TRIZFEST 2012 in Finland

Kalevi Rantanen is our guest blogger, with his report on the recent TRIZ conference in Finland.  Thanks, Kalevi!

Here I have some notes on a TRIZfest-2012 TRIZ conference in Lappeenranta, Finland, August 2-4. Conference was organized by The International TRIZ Association – MATRIZ. It was supported by Lappeenranta University of Technology (LUT, Finland), St. Petersburg State Polytechnical University, and “Algorithm” LLC (Russia). First time conference was held outside Russia.

Dr. Mijeong Song from Samsung Electronics told of terrific success in Samsung from 1998. Perhaps main conclusion one can make is a well-known and easily forgotten truth: strategic approach and strong support of top management is needed to introduce new tools successfully.

Other speakers from South Korea gave some detailed examples of TRIZ applications. Engineer Guee H. Sim told of semiconductor device application in Hynix Semiconductor. They solved the problem of washing metal based mask surface. Ozone water needed to remove contaminants at the same time damaged the chrome (Cr) layer on the photo mask surface. Using multiple tools of TRIZ they found a solution. The study of the problem showed that flooding of ozone into small cracks in the layer immediately causes the damage. The solution was to create, by plasma treatment, oxidized chrome (CrO) that fills cracks and prevents the harmful flooding. The team says that the results of the experimental verification were “excellent”.

Professor Kyeng Won Lee from Korean Polytechnic University told how the analysis of Korean pop songs was used in TRIZ education. Many students complain that the conventional TRIZ look boring. Examples from the music of The Wonder Girls and “Girl’s generation” illustrate many concepts of TRIZ and make the content easier to learn.

Yong Song from Korea Polytechnic University reported of an international student on-line TRIZ conference in November 2011. Professors and students from his university and Komsomolsk-na-Amur State Technical University in Russia participated. Korean TRIZ community consider important to get TRIZ knowledge as much as possible directly from Russia. Intensive co-operation traditional way, however, is time-consuming and expensive. On-line conferences effectively use the time of students and TRIZ experts.

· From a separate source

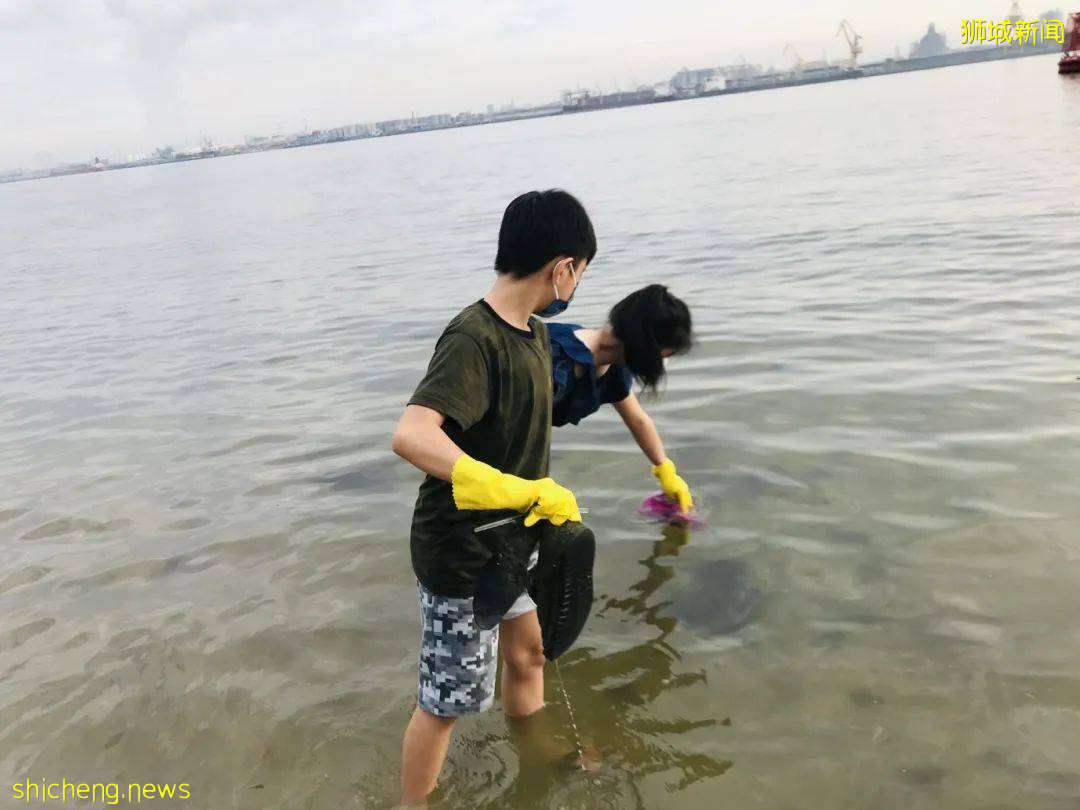 “我的两个儿子,就爱在新加坡捡垃圾!”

Koreans participate actively TRIZfest conferences. Really, from all countries South Korea seems to be the most intensive TRIZ user today. Saying this we should remember that there is much progress in TRIZ all over the world.

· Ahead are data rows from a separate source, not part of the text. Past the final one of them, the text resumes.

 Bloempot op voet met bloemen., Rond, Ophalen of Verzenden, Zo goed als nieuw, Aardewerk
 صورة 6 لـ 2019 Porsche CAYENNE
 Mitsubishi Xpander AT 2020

Dr. Simon Litvin from GEN3 Partners, the US, has formulated ten principles of successful TRIZ-based innovations. These principles contain the core of so called classical TRIZ: “use a rigorous scientific innovation process”, and “resolve contradictions”, for example. Others go beyond the traditional understanding on what TRIZ is. For example: “Develop products and technologies, not ideas.” Also: “Adapt existing solution, don’t always invent.” The point is to build bridge between TRIZ and business. Companies need products and profit, after all, ideas and inventions alone are not enough.

Litvin also told how to address one of the biggest innovation killers, secondary problems. Here he illustrated one of his ten principles: adapting existing solution. He used a well-known example in TRIZ circles, an anti-allergenic nasal filter. The original idea was a nasal filter. Getting the product from this idea might have been costly and time-consuming. That’s why the ready solution from industry, a big cyclone, was adapted to needs of health care. The result was a small “nasal cyclone”.

There were exciting case studies. Oliver Mayer from GE Global Research in Germany told of a photovoltaic case in GE. They developed one axis PV tracking device. Instead of a complex electrically driven tracker they developed a simple device. A new device uses the energy of sun directly. A thermo cylinder moves a piston.

However, the management didn’t accept the solution. There were “company constraints” or recently done investments to older technology have still to be paid off. There were also meanings that the device is not yet good enough since it is slightly less accurate than the electric tracker. Perhaps we have here an example of secondary problems?

In a roundtable discussion I also learned much of progress in GE. Dr. Mayer told how they have built TRIZ culture in company. Dr. Alex Lyobomirskiy from GEN3 Partners told of the experience of integrating TRIZ into corporate culture.